- _ACTIVITY_: Beginning with the line of the entries below that holds "Navy and Gold" and ending with the line that holds "Routine habit tracker", transcribe each line exactly as written. Pictures stay out.

DATA SHOWN Block Start

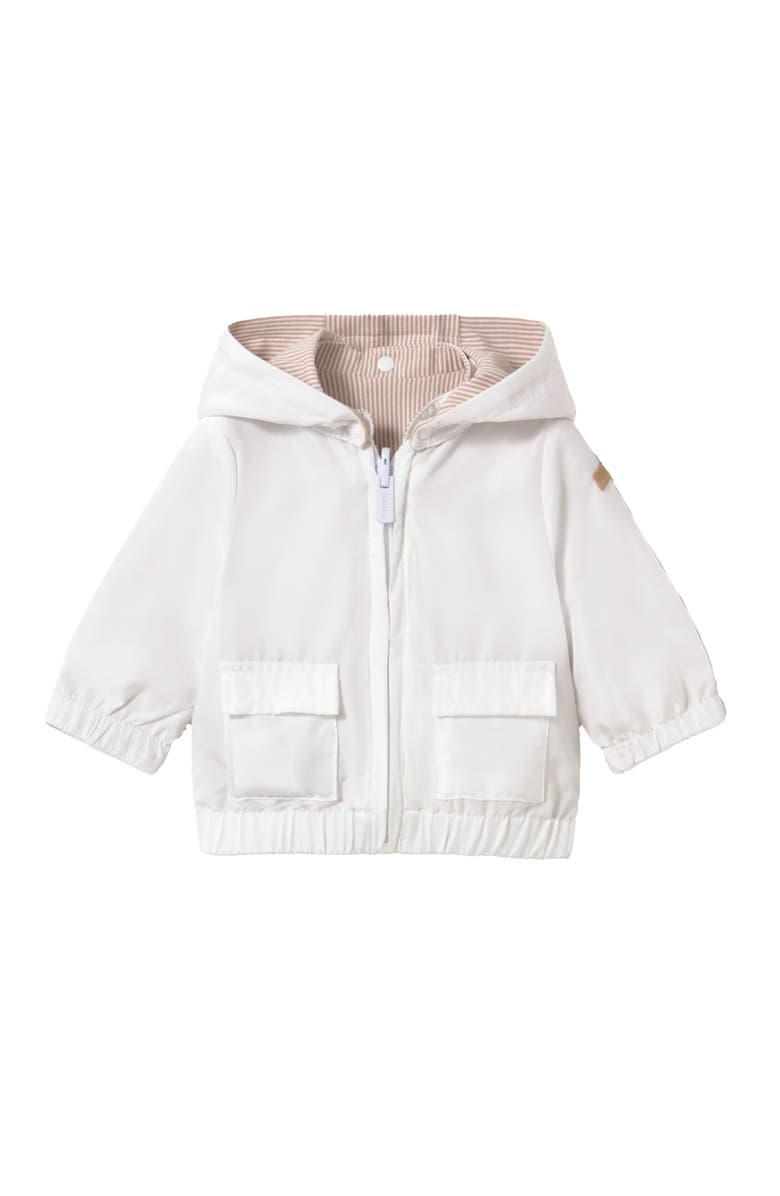 Mayoral Striped Hooded Jacket, Alternate, color, Beige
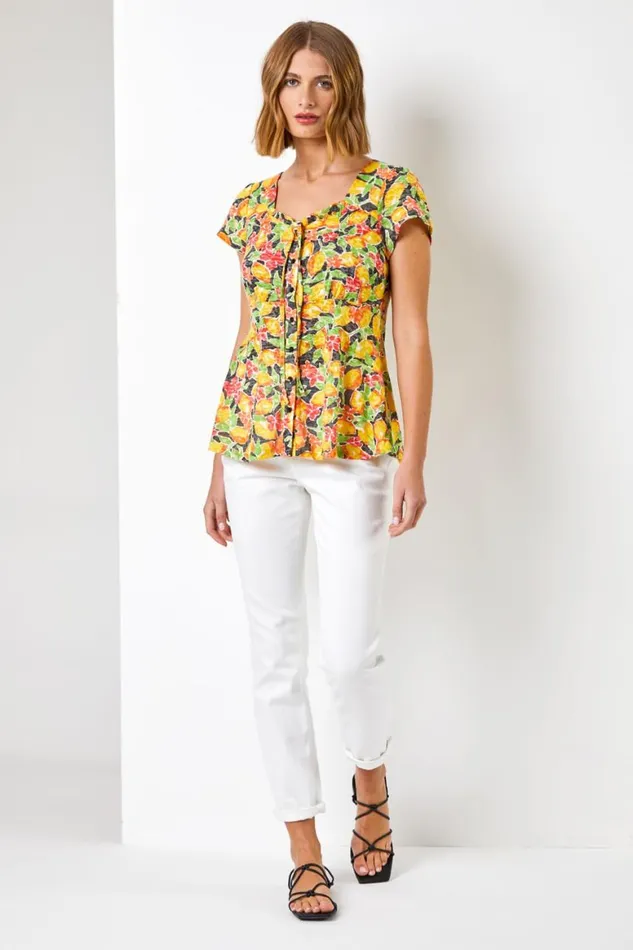 Women Yellow Lemon Print Tie Detail Top Roman Tops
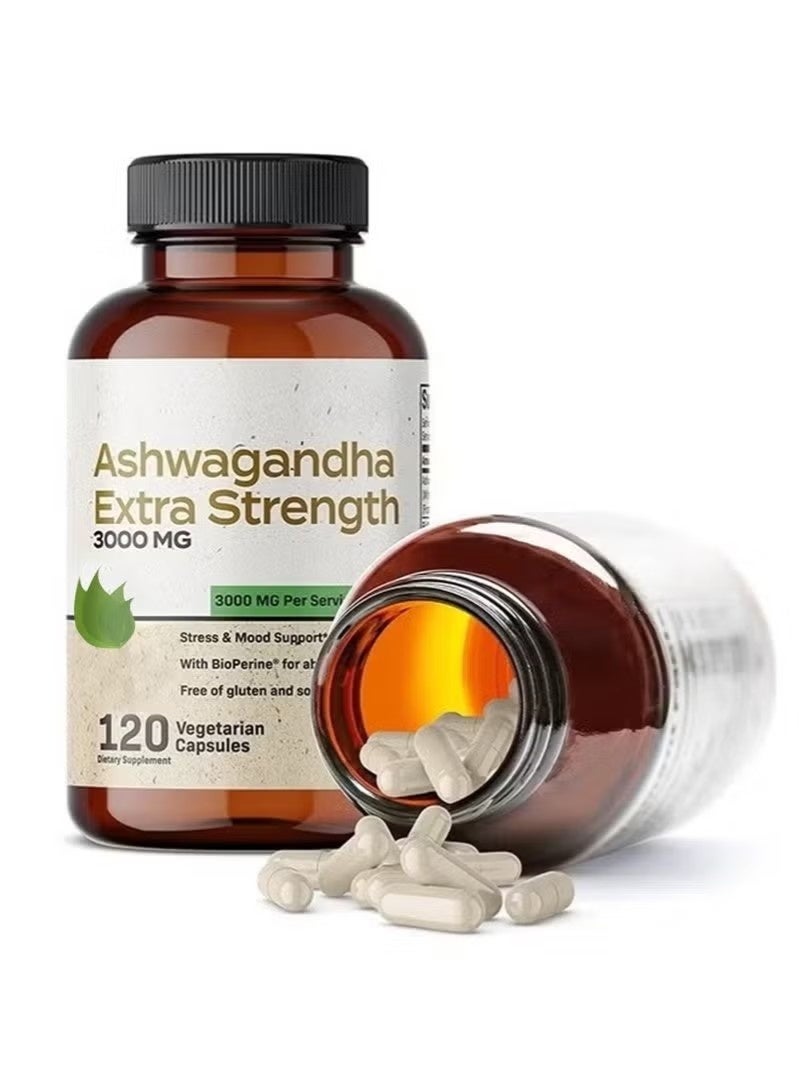 إكسترا Ashwagandha Capsules Extra Strength 3000mg - صيغة تخفيف الإجهاد ، دعم المزاج الطبيعي ، مكمل دعم الإجهاد والتركيز والطاقة ، 120 كبسولة - Image 2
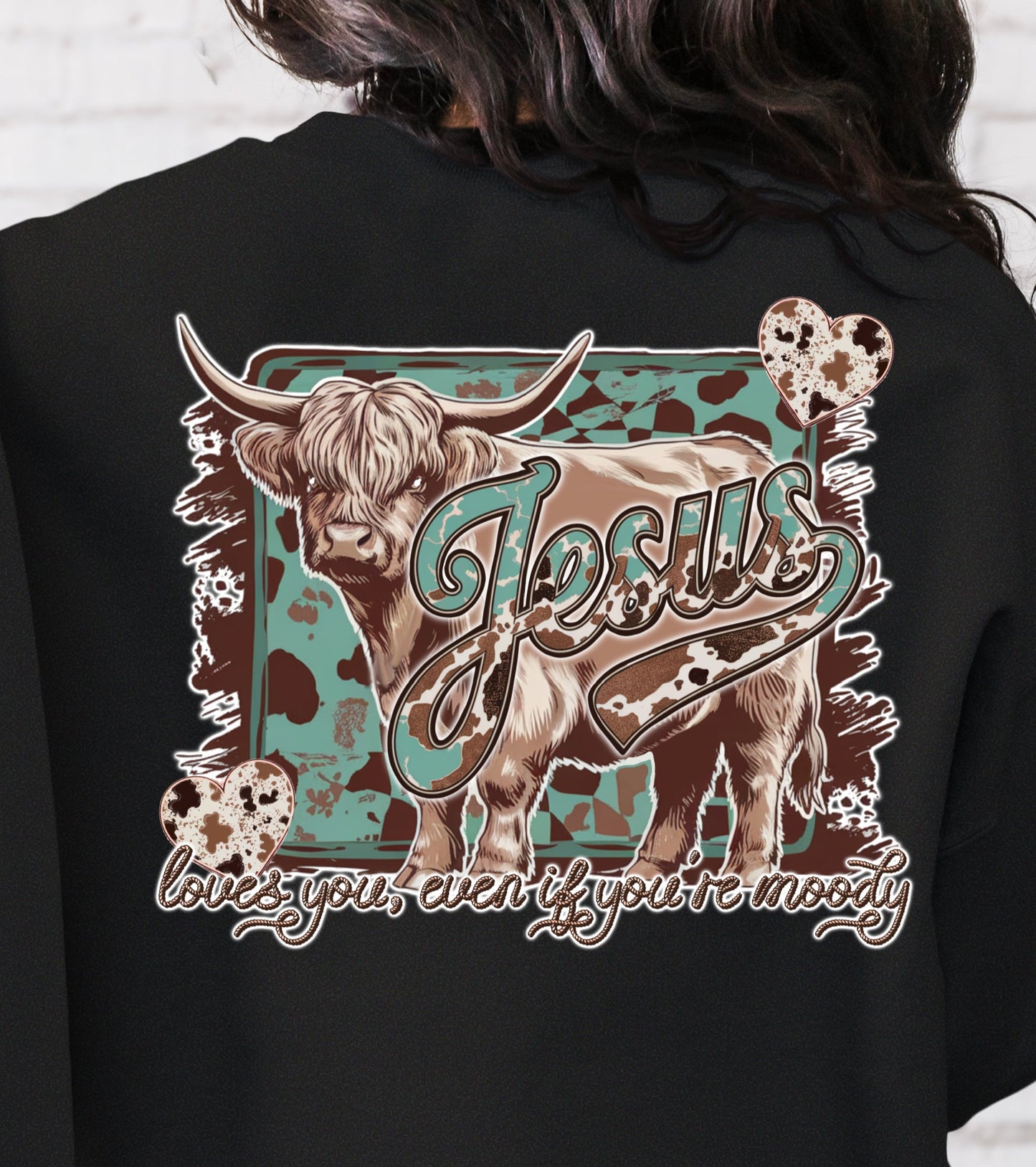 DTF Transfer Jesus Loves You – Highland Cow Western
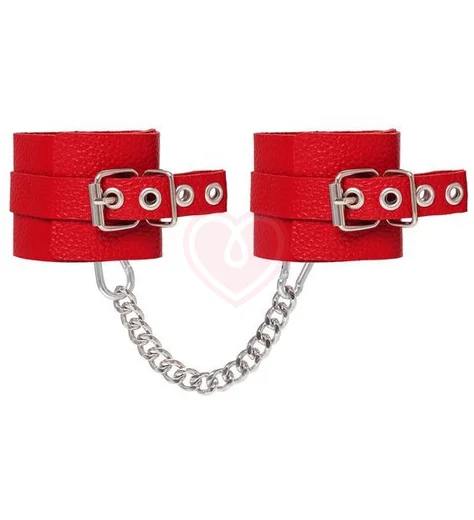Оковы на ноги с люверсами Pecado BDSM красные фото 2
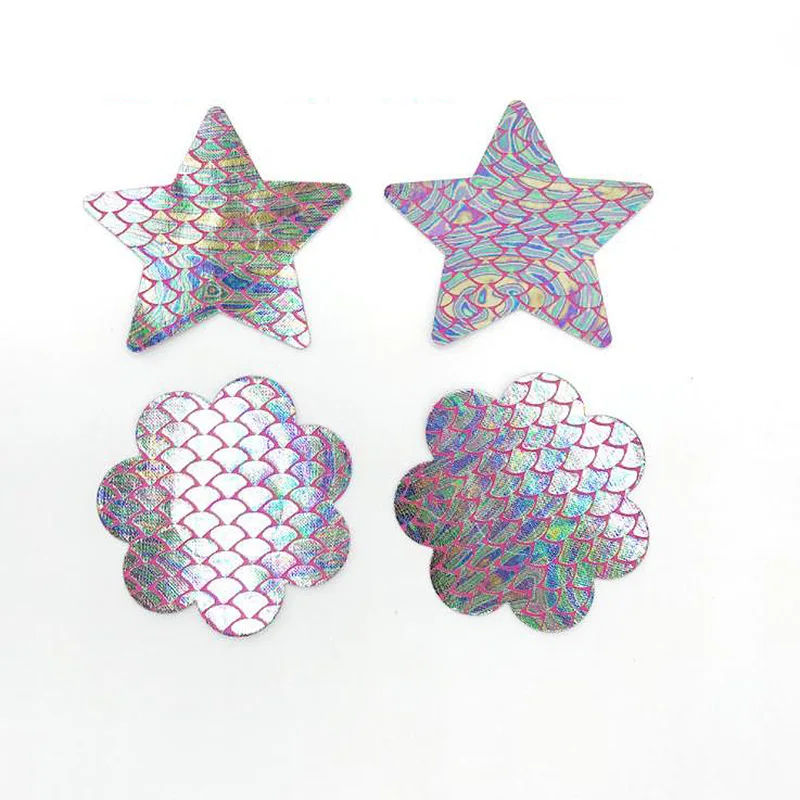 Бесшовные соски одноразовые яркие лазерные наклейки на грудь анти-удар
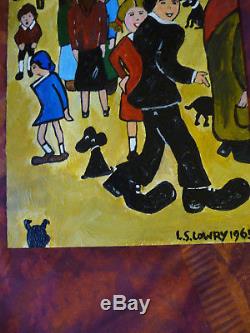 L. S. Lowry painting. Oil, signed, busy scene with people and dogs. Vintage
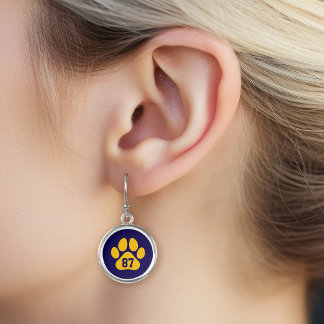 Navy and Gold Paw Print Custom Jersey Number Earrings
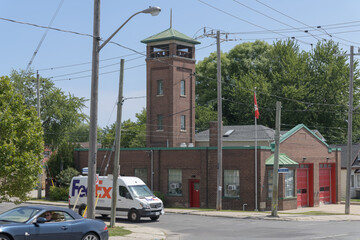 Naklejka premium view of historic Birchmount Fire Hall (Scarborough Fire Hall #1), built in 1925, with hose tower, now a museum located at 351 Birchmount Rd, Toronto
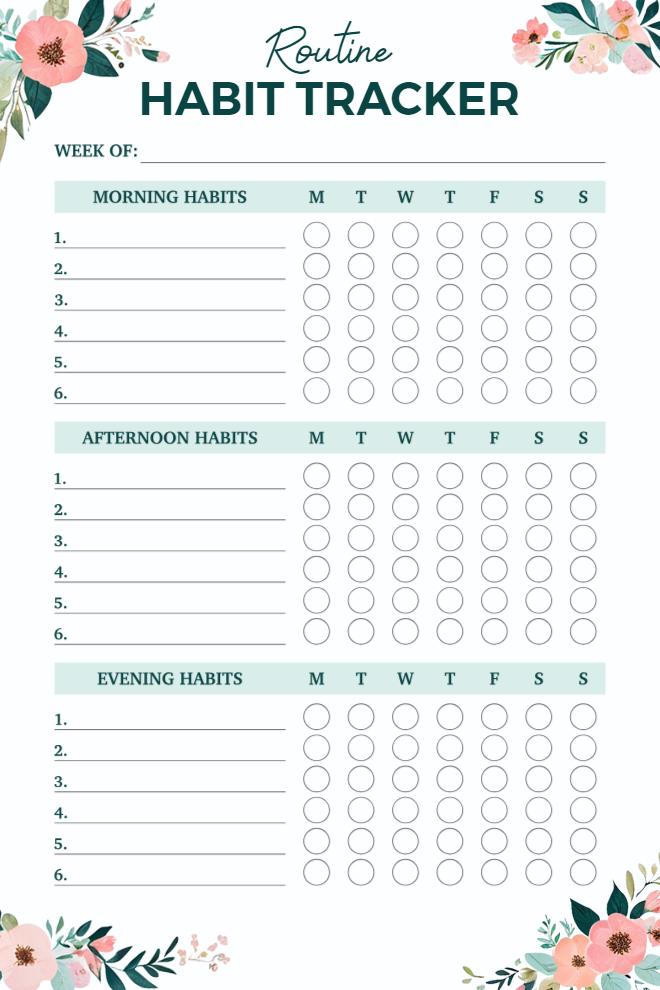 Routine habit tracker divided into morning, afternoon, and evening sections with a floral design
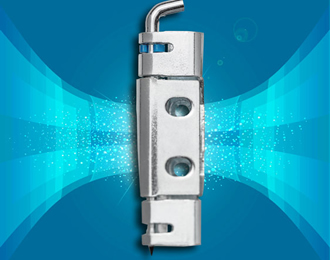 Secured hinge pin on surface mounted 120° door hinge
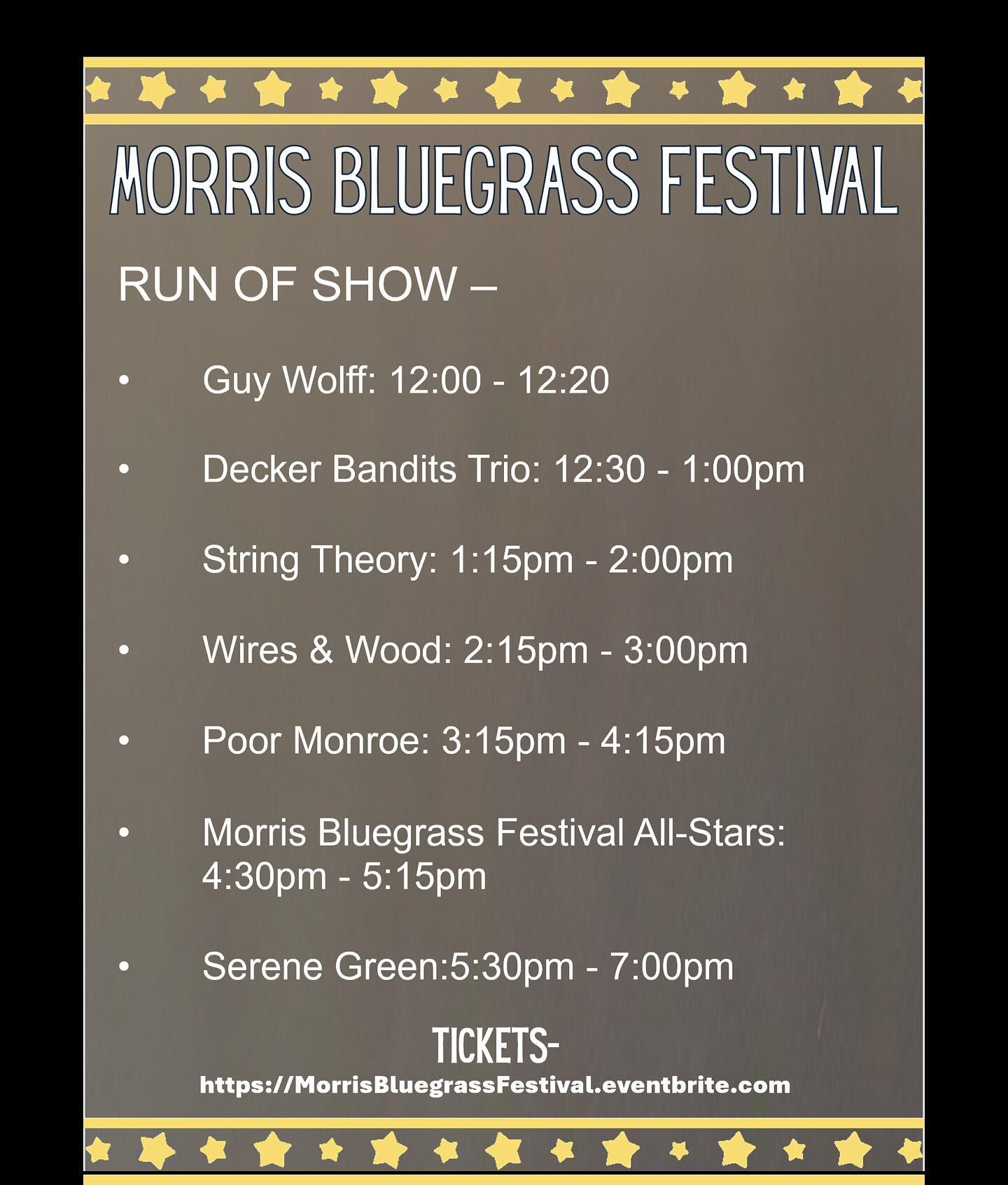 Show time tomorrow can’t wait!!! #morrisbluegrassfestival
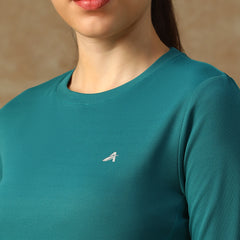 Curved Hem Full Sleeve T-Shirt Teal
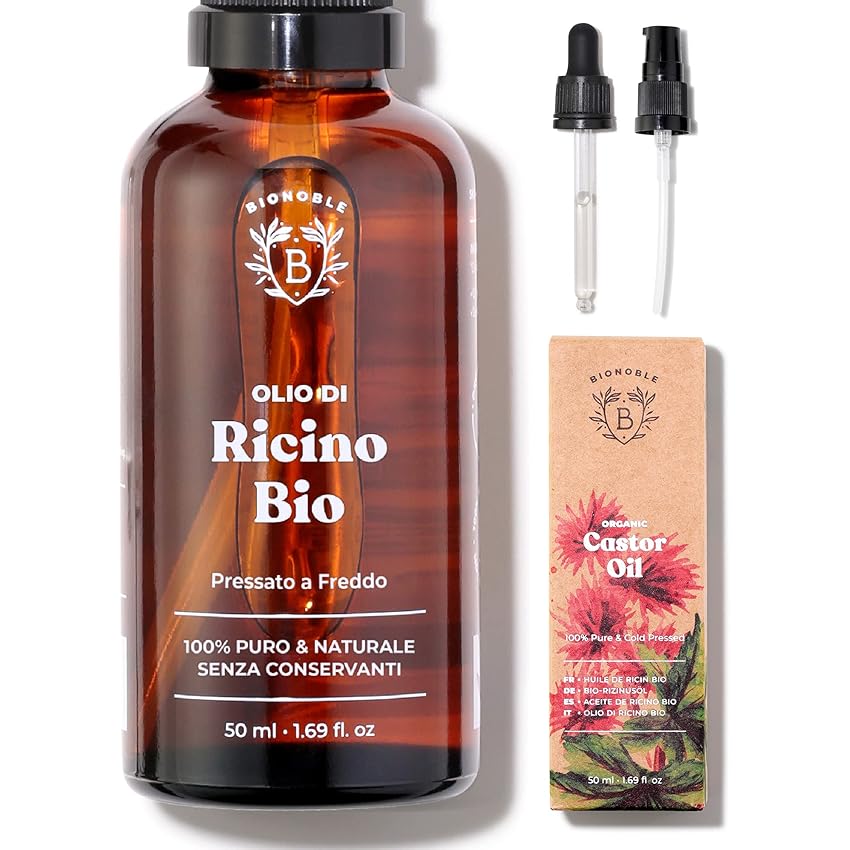 Immagine del prodotto Bionoble Olio di Ricino Biologico 50ml - 100% Puro, Naturale, Pressato a Freddo - Ciglia, Sopracciglia, Capelli, Barba, Unghie - Vegan Castor Oil - Bottiglia di Vetro + Pipetta + Pompa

DATA SHOWN Block End

- _WRITTEN RESPONSE_:
 Navy and Gold Paw Print Custom Jersey Number Earrings
 Naklejka premium view of historic Birchmount Fire Hall (Scarborough Fire Hall #1), built in 1925, with hose tower, now a museum located at 351 Birchmount Rd, Toronto
 Routine habit tracker divided into morning, afternoon, and evening sections with a floral design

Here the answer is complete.